She was so old she didn’t remember the year she was born or the name her parents had given her. This is what she remembered: nine songs, two jokes, all the people she’d ever loved, and her favorite color. Everyday she went to the cafe, no matter the weather, and what she ate there was always delicious, though she could never recall after what kind of food it was.
She watched the girl come in and sit at the counter — poor thing, so young she probably believed everything that happened was of immense importance. She was like a newspaper in the rain, thought the old woman, absorbing everything until she was sodden with feelings. Hard to be that new in the world. She started to sing one of the songs she remembered — “Whatever will be, will be…” — but then her meal came. She pulled the plate to her, doused the food in hot sauce, and eagerly began to eat.

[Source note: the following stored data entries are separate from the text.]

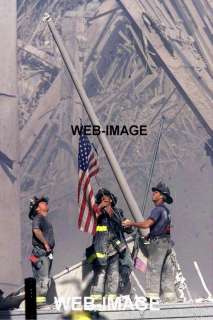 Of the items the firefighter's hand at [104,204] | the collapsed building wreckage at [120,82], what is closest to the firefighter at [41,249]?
the firefighter's hand at [104,204]

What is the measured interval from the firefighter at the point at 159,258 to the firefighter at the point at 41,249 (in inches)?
Result: 33.7

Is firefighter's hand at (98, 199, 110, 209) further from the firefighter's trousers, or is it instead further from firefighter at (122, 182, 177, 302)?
the firefighter's trousers

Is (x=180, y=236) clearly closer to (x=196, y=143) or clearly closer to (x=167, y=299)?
(x=196, y=143)

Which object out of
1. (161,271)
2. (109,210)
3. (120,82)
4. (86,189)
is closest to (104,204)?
(109,210)

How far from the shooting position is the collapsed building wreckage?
1802 centimetres

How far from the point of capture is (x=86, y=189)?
10.1 meters

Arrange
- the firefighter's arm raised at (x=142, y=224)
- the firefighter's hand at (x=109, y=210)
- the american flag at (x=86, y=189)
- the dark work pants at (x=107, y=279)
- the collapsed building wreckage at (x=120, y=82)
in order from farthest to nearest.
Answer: the collapsed building wreckage at (x=120, y=82)
the american flag at (x=86, y=189)
the firefighter's hand at (x=109, y=210)
the dark work pants at (x=107, y=279)
the firefighter's arm raised at (x=142, y=224)

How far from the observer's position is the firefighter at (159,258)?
30.3 feet

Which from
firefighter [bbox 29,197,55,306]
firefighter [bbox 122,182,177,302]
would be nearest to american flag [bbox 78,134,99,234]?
firefighter [bbox 29,197,55,306]

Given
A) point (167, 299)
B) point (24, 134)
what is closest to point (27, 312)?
point (167, 299)

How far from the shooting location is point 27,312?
22.1 ft

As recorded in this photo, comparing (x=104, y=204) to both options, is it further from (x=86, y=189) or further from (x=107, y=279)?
(x=107, y=279)

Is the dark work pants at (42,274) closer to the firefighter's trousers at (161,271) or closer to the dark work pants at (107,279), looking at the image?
the dark work pants at (107,279)

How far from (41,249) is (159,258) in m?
1.24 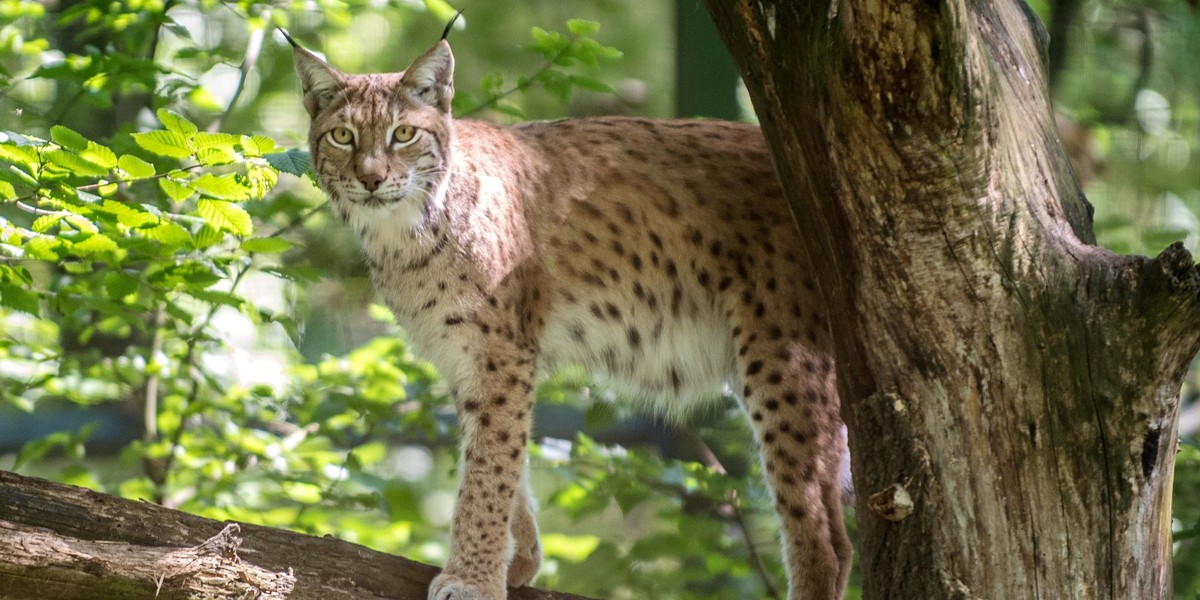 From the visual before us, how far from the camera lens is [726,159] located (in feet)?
16.7

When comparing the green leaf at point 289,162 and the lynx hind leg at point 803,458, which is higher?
the green leaf at point 289,162

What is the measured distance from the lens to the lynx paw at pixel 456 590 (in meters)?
4.25

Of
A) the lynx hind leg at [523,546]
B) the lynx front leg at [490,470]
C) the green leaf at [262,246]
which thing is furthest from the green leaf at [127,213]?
the lynx hind leg at [523,546]

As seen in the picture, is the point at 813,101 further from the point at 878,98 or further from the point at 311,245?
the point at 311,245

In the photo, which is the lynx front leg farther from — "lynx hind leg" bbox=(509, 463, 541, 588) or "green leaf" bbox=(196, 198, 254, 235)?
"green leaf" bbox=(196, 198, 254, 235)

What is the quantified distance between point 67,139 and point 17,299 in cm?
65

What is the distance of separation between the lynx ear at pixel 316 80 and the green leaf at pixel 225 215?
1.01 m

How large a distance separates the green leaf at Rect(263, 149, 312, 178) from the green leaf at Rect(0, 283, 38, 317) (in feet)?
2.94

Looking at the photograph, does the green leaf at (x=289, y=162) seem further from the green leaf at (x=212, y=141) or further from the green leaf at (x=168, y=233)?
the green leaf at (x=168, y=233)

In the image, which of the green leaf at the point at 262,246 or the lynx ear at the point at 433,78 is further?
the lynx ear at the point at 433,78

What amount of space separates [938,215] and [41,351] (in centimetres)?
396

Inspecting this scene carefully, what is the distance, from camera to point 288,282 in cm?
605

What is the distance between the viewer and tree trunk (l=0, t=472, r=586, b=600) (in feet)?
11.0

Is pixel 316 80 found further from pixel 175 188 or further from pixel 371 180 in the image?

I had thirty one dollars to last me until Tuesday, when my final paycheck would be deposited in my account. Smart thing to do would have been to buy groceries, some grains and beans and a chunk of cheap cheese, a couple cans of soup maybe. Yeah, that would have been the smart thing, but the grocery store on the corner had been shut for weeks and the closest one was a 15 minute walk away and it had just started to rain and besides, it seemed to me that being smart hadn’t done me much good lately. So when I noticed a café a couple of blocks from my place I walked in and sat at the counter.
The only other customer was an old woman at a back table. She was wearing a black dress and some kind of vivid purple coat. Bruise colors, I thought. There was something familiar about her, but I couldn’t figure what it was.
The counterman was in front of me. I hadn’t noticed him coming out from anywhere, so it startled me a little. I heard the old woman laugh.
“Yeah?”
“Uh, may I see a menu?”
“No menu. House special.”
“There’s no menu?”
“House special! Want it or not?”
“How much?”
“Seven fifty.”
The rain outside had gotten harder, it sounded like someone was throwing peanuts against the windows. I hadn’t eaten since last night.
“Fine,” I said. “I;ll take it.”
It must have been Dump Month, only I didn’t get the email. First my boyfriend — not that he was so great, I might have done that dumping myself if he didn’t owe me 300 bucks — then my crappy job, and finally my landlord. It’s true the place was a shithole, but it had been my shithole, and tell the truth it hurt a bit to see my stuff — everything that wasn’t worth Benzooie trying to sell — in a sloppy little pile out in the hall. There it was, the ragged detritus of my life — shirts, socks, sheets, curtains, a brown towel. The material measure of me.
Stripped of fabric my ex-room looked angular and hungry. like the City crouched outside it. There was only one thing of mine remaining, a half bottle of pomegranate soda I’d bought about a week before. It’d been flat for days. I wondered why Benzooie had overlooked it. The label claimed that consuming pomegranates helped you live longer. “Yeah, that’s what I want,” I said to nobody as I walked out, to where I didn’t know. “A longer This.”